Next, use the connector ID from the response to register and deploy the model:

POST /_plugins/_ml/models/_register?deploy=true
{
    "name": "Sagemaker Cross-Encoder model",
    "function_name": "remote",
    "description": "test rerank model",
    "connector_id": "your_connector_id"
}

copy

Note the model ID in the response; you’ll use it in the following steps.

To test the model, call the Predict API:

POST _plugins/_ml/models/your_model_id/_predict
{
  "parameters": {
    "inputs": [
      {
        "text": "I like you",
        "text_pair": "I hate you"
      },
      {
        "text": "I like you",
        "text_pair": "I love you"
      }
    ]
  }
}

copy

Each item in the inputs array comprises a query_text and a text_docs string, separated by a ` . `

Alternatively, you can test the model as follows:

POST _plugins/_ml/_predict/text_similarity/your_model_id
{
  "query_text": "I like you",
  "text_docs": ["I hate you", "I love you"]
}

copy

The connector pre_process_function transforms the input into the format required by the inputs parameter shown in the previous Predict API request.

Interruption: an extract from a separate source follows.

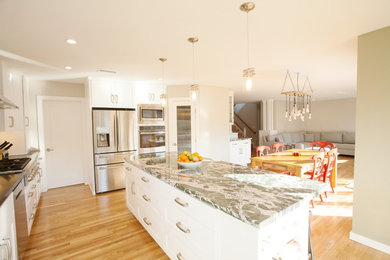 This is an example of a mid-sized beach style l-shaped open plan kitchen in San Diego with an undermount sink, recessed-panel cabinets, white cabinets, quartz benchtops, white splashback, glass tile splashback, stainless steel appliances, medium hardwood floors, with island and brown floor.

By default, the SageMaker model output is in the following format:

[
  {
    "label": "LABEL_0",
    "score": 0.054037678986787796
  },
  {
    "label": "LABEL_0",
    "score": 0.5877784490585327
  }
]

The connector pre_process_function transforms the model output into the following format that can be interpreted by the rerank processor:

{
  "inference_results": [
    {
      "output": [
        {
          "name": "similarity",
          "data_type": "FLOAT32",
          "shape": [
            1
          ],
          "data": [
            0.054037678986787796
          ]
        },
        {
          "name": "similarity",
          "data_type": "FLOAT32",
          "shape": [
            1
          ],
          "data": [
            0.5877784490585327
          ]
        }
      ],
      "status_code": 200
    }
  ]
}

The response contains two similarity outputs. For each similarity output, the data array contains a relevance score for each document against the query. The similarity outputs are provided in the order of the input documents: The first similarity result pertains to the first document.

Step 2: Configure a reranking pipeline

Follow these steps to configure a reranking pipeline.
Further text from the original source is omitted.